The judgment against Moretti individually is reversed and judgment is rendered in his favor. The judgment requiring restoration of the dredged canals is vacated and this cause is remanded for further proceedings not inconsistent with this opinion.
1. Rivers and Harbors Act of 1899, 33 U.S.C.A. § 403 states:
The creation of any obstruction not affirmatively authorized by Congress, to the navigable capacity of any of the waters of the United States is prohibited; and it shall not be lawful to build or commence the building of any wharf, pier, dolphin, boom, weir, breakwater, bulkhead, jetty, or other structures in any port, roadstead, haven, harbor, canal, navigable river, or other water of the United States, outside established harbor lines, or where no harbor lines have been established, except on plans recommended by the Chief of Engineers and authorized by the Secretary of the Army; and it shall not be lawful to excavate or fill, or in any manner to alter or modify the course, location, condition, or capacity of, any port, roadstead, haven, harbor, canal, lake, harbor of refuge, or inclosure within the limits of any breakwater, or of the channel of any navigable water of the United States, unless the work has been recommended by the Chief of Engineers and authorized by the Secretary of the Army prior to beginning the same.
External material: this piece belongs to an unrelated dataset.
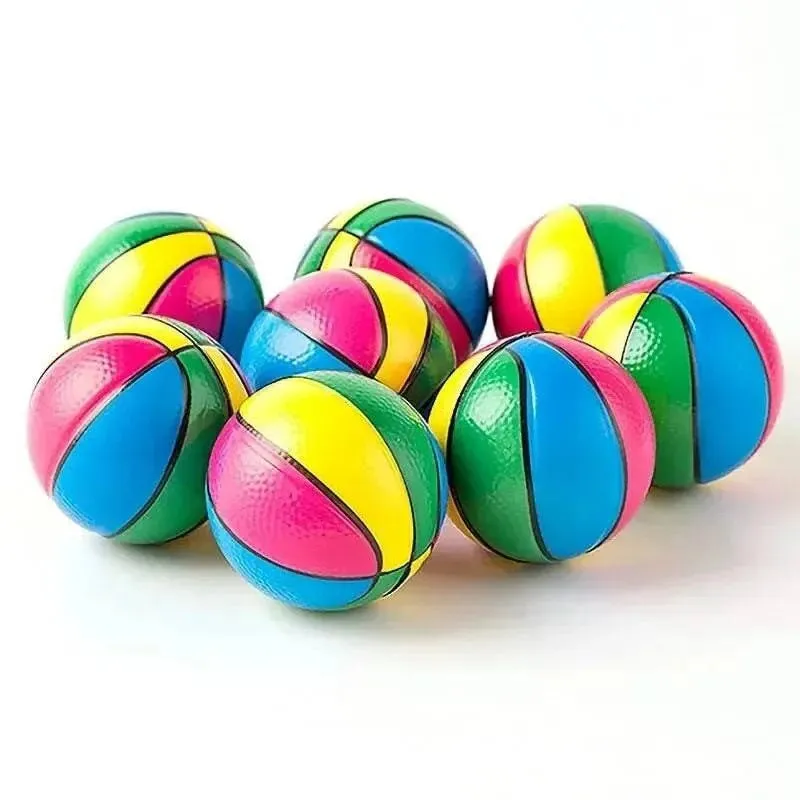 Kid Toy Squeeze Soft Foam Rubber Ball Orange Hand Wrist Exercise Stress Relief Colorful Squeezing Ball Basketball Training Ball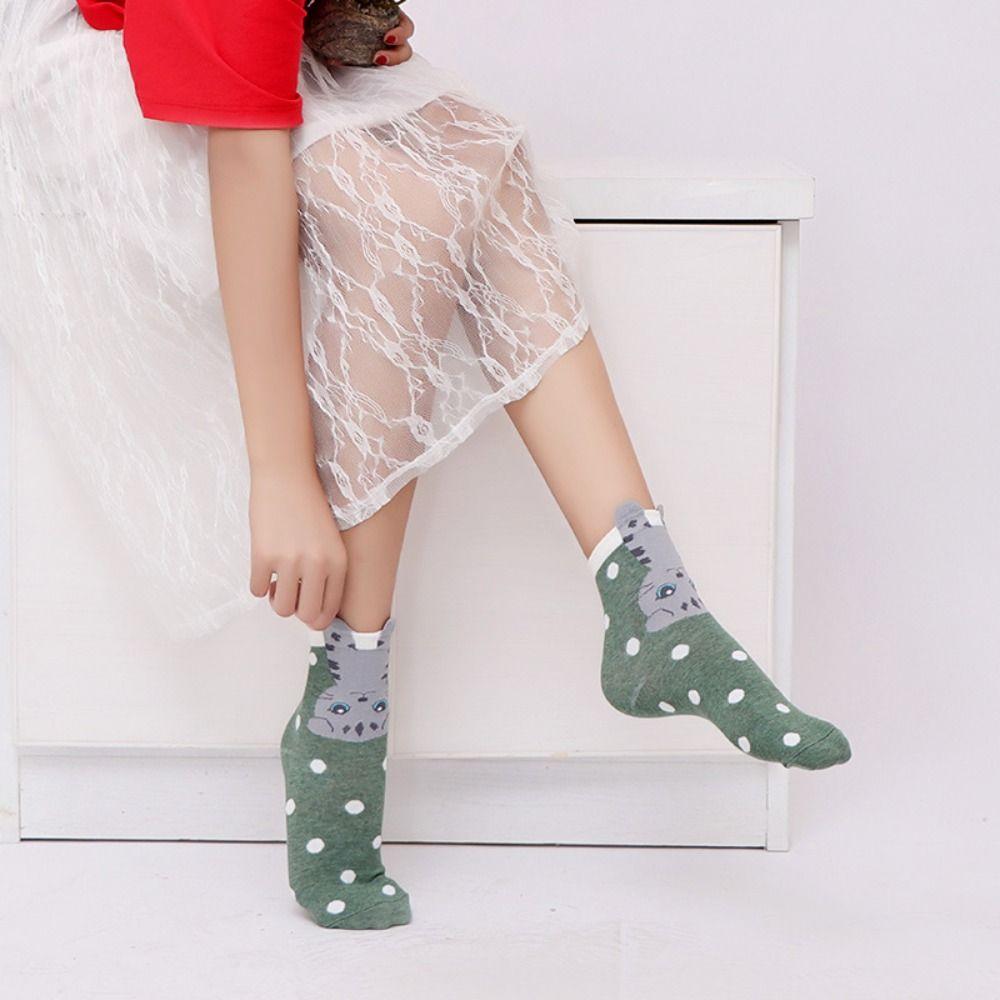 

Korean Style Cat Pattern Socks Cotton Middle Tube Socks Creative Animal Socks Female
2. The statutory authority for the injunction is found in § 406:
Every person and every corporation that shall violate any of the provisions of sections 401, 403, and 404 of this title or any rule or regulation made by the Secretary of the Army in pursuance of the provisions of section 404 of this title shall be deemed guilty of a misdemeanor, and on conviction thereof shall be punished by a fine not exceeding $2,500 nor less than $500, or by imprisonment (in the case of a natural person) not exceeding one year, or by both such punishments, in the discretion of the court. And further, the removal of any structures or parts of structures erected in violation of the provisions of the said sections may be enforced by the injunction of any district court exercising jurisdiction in any district in which such structures may exist, and proper proceedings to this end may be instituted under the direction of the Attorney General of the United States.
3. These regulations are set forth in Moretti I, 478 F.2d at 425.
4. The chain of harmful ecological consequences of Moretti's activities are summarized in Moretti I, 478 F.2d at 421, n. 3. These effects are discussed in more detail by the district court, 331 F. Supp. at 156-57. Further, the record before us now contains even further such documentation after Moretti I.